YOUR OBJECTIVE >> All of the data below is to be output exactly as written.

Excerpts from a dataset
*** Begin section ***
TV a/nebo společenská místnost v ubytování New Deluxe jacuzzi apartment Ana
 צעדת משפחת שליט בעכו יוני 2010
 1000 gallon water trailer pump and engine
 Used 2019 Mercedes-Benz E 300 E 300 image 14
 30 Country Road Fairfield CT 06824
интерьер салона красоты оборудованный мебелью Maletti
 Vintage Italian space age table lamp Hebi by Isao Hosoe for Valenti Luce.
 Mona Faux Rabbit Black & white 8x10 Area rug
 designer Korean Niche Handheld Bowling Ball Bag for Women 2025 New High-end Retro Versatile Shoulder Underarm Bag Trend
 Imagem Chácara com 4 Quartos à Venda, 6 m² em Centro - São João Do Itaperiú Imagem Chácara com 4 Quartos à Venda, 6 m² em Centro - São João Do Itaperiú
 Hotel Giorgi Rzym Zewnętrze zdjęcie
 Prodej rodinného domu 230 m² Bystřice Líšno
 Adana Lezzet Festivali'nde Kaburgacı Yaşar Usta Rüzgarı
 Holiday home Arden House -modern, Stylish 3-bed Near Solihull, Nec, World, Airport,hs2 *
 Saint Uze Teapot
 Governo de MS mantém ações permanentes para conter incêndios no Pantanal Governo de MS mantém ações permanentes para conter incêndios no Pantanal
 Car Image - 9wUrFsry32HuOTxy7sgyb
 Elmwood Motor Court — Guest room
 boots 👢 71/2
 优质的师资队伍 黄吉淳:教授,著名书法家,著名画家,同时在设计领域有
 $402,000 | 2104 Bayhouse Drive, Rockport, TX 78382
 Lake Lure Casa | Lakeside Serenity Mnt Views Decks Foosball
*** End section ***
EXPECTED OUTPUT >>
TV a/nebo společenská místnost v ubytování New Deluxe jacuzzi apartment Ana
 צעדת משפחת שליט בעכו יוני 2010
 1000 gallon water trailer pump and engine
 Used 2019 Mercedes-Benz E 300 E 300 image 14
 30 Country Road Fairfield CT 06824
интерьер салона красоты оборудованный мебелью Maletti
 Vintage Italian space age table lamp Hebi by Isao Hosoe for Valenti Luce.
 Mona Faux Rabbit Black & white 8x10 Area rug
 designer Korean Niche Handheld Bowling Ball Bag for Women 2025 New High-end Retro Versatile Shoulder Underarm Bag Trend
 Imagem Chácara com 4 Quartos à Venda, 6 m² em Centro - São João Do Itaperiú Imagem Chácara com 4 Quartos à Venda, 6 m² em Centro - São João Do Itaperiú
 Hotel Giorgi Rzym Zewnętrze zdjęcie
 Prodej rodinného domu 230 m² Bystřice Líšno
 Adana Lezzet Festivali'nde Kaburgacı Yaşar Usta Rüzgarı
 Holiday home Arden House -modern, Stylish 3-bed Near Solihull, Nec, World, Airport,hs2 *
 Saint Uze Teapot
 Governo de MS mantém ações permanentes para conter incêndios no Pantanal Governo de MS mantém ações permanentes para conter incêndios no Pantanal
 Car Image - 9wUrFsry32HuOTxy7sgyb
 Elmwood Motor Court — Guest room
 boots 👢 71/2
 优质的师资队伍 黄吉淳:教授,著名书法家,著名画家,同时在设计领域有
 $402,000 | 2104 Bayhouse Drive, Rockport, TX 78382
 Lake Lure Casa | Lakeside Serenity Mnt Views Decks Foosball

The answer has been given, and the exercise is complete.